Начать с того, что бегает Бузыкин (Константин Анисимов) с английским профессором-переводчиком Биллом (Юрий Елагин) не в спальном районе, как герой Басилашвили, а мимо стройки в самом центре Ленинграда: на месте разрушенной Греческой церкви возводят концертный зал на тысячу мест. На сцене нет знакомых очертаний, но есть холсты с нарисованными облаками, в которых, конечно, витает герой, и есть горки кирпичей, о которые он спотыкается (художник Алексей Порай-Кошиц) — и звучит соответствующее стихотворение Бродского. Ясно, что звучит оно в голове у Бузыкина (ну не у Билла же) — видимо, вовсю ходит в городе в самиздатовских списках. Мимо кирпичей герой бегает от жены Нины — Аллы Еминцевой (их квартира находится в правом углу на авансцене) к любовнице Алле — Ольге Белинской (ее стол с печатной машинкой расположен точно напротив, слева), то и дело сворачивая вглубь сцены — к бездарной однокурснице Варе (Маргарита Лоскутникова), чтобы, бросив двух претендующих на него женщин, зачем-то заняться ее переводами. Впрочем, вопрос, зачем, в данном случае, не возникает, потому что Константин Анисимов играет этакого рыцаря мировой литературы, для которого переводы — не работы, а миссия. У него начисто отсутствуют личные амбиции — в том числе и амбиции переводчика. Ему вполне достаточно, чтобы фраза «коза кричала нечеловеческим голосом» в принципе не появилась в журнале. И вот он в трико с висящими коленками и майке сидит у Вари и правит ее ляпы, забыв о времени. Получается почти что сюжет известного анекдота: «Жене сказал, что пошел к любовнице, любовнице — что пошел к жене, а сам — на чердак, и работать, работать и работать».
История Праудина по сценарию Володина, вышедшая совсем не задолго до нелепейших атак на ряд российских режиссеров с экранов телевидения, — получилась вовсе не о мужском безволии, не о невозможном поведении бесконечно симпатичного, почти сказочно-простодушного представителя отечественной интеллигенции, а о том, как общество непостижимым образом сплачивается против талантливого, то есть, внутренне свободного человека. «Выкручивать руки» таким, как этот Бузыкин, давить на психику — все равно, что пытать. И герои спектакля «Осенний марафон. P.S.» именно что пытают его не слишком изощренными, но беспроигрышными способами.

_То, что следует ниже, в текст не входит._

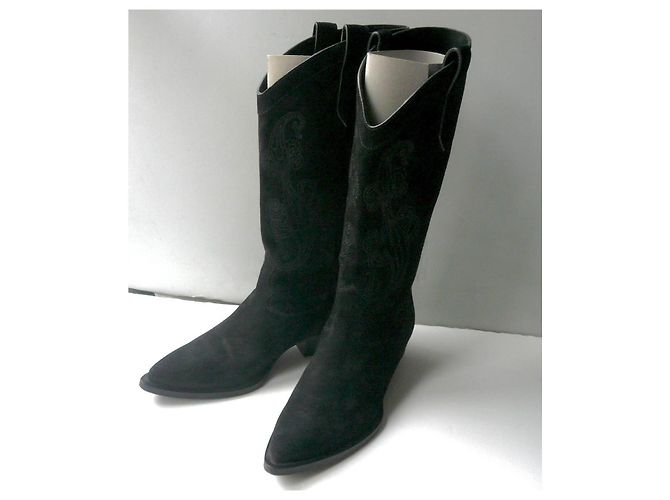 ETRO Botas de Vaquero Altas de Ante Negro T40 - vista 7
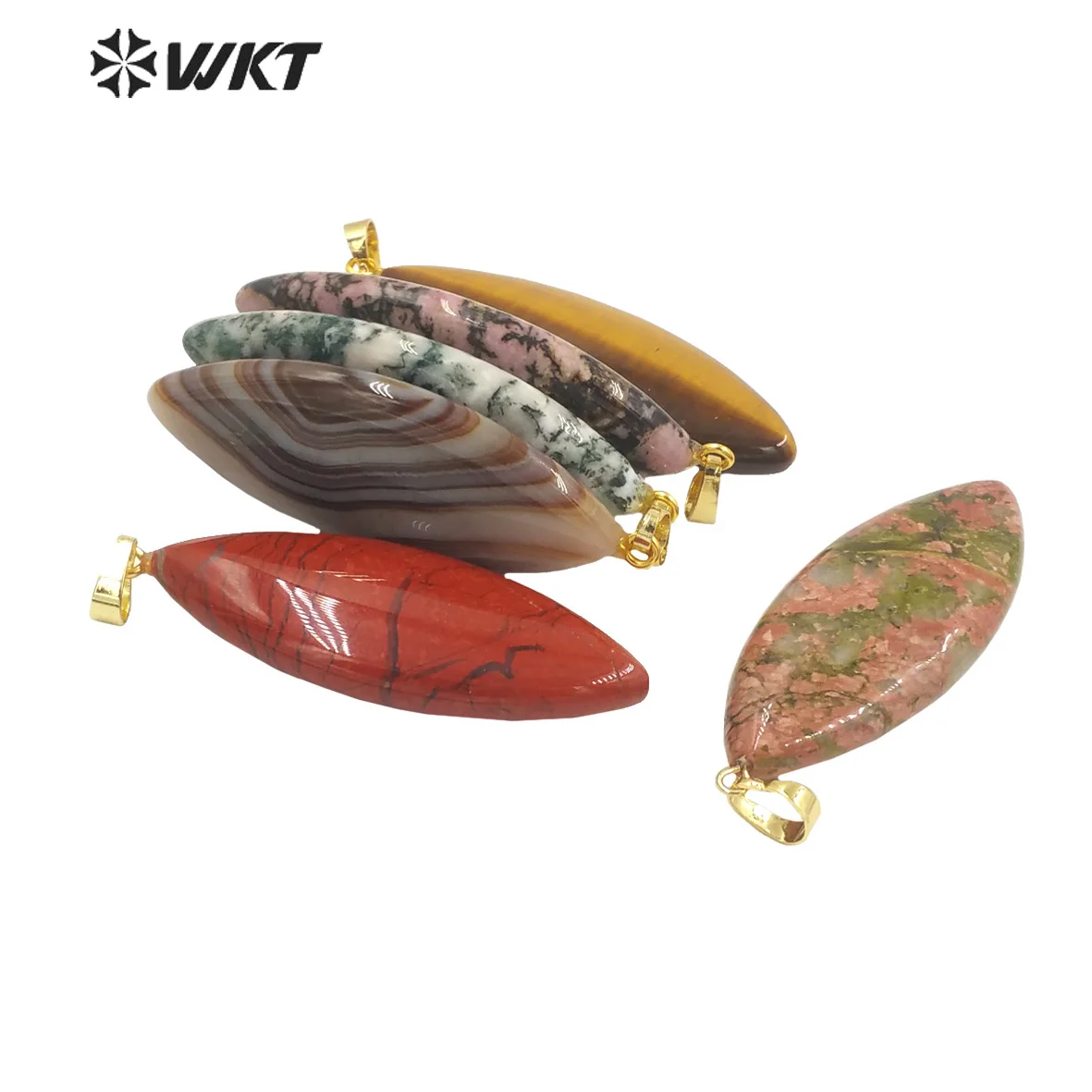 WT-P1946  WKT 2023 Beautiful Style Natural Gemstone Pendant Oval Shape For Jewelry supplies Jewelry 18K Gold Grand Ball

Собственно, после первого же свидания с Аллой Бузыкин приходит домой, и вырубается сразу, как опускается на стул, при этом левая рука его вдруг резко падает, как у мертвого. И дело вовсе не в интенсивной физиологии — ничего такого у них с Аллой не было. Зато Алла, когда красная юбка, красная печатная машинка, красный подстаканник, красные очки и красная шаль не сработали, включила самую надежную женскую кнопку под названием «истерика» и монолог о ребеночке произносила, упав на пол и обвив ноги Бузыкина тугим кольцом объятий. Пробуждение Бузыкина после этой «маленькой смерти» выглядит продолжением кошмара. Жена использует другие, не менее садистские методы: отодвигает тарелку с завтраком и ставит на ее место трезвонящий телефонный аппарат, так что трубку придется снимать. С Биллом (Юрий Елагин) тоже не поговоришь по-человечески: на его детском лице отпечаталось скаутская невозмутимость. А подлец Шершавников — тот, от которого Бузыкин, если помните, прячется в библиотеке, чтобы не подавать руки, — устраивает целый ритуал челомканья с подчиненными, причем, двойной: сначала приветственный и тут же прощальный. А в итоге еще и разражается демоническим смехом.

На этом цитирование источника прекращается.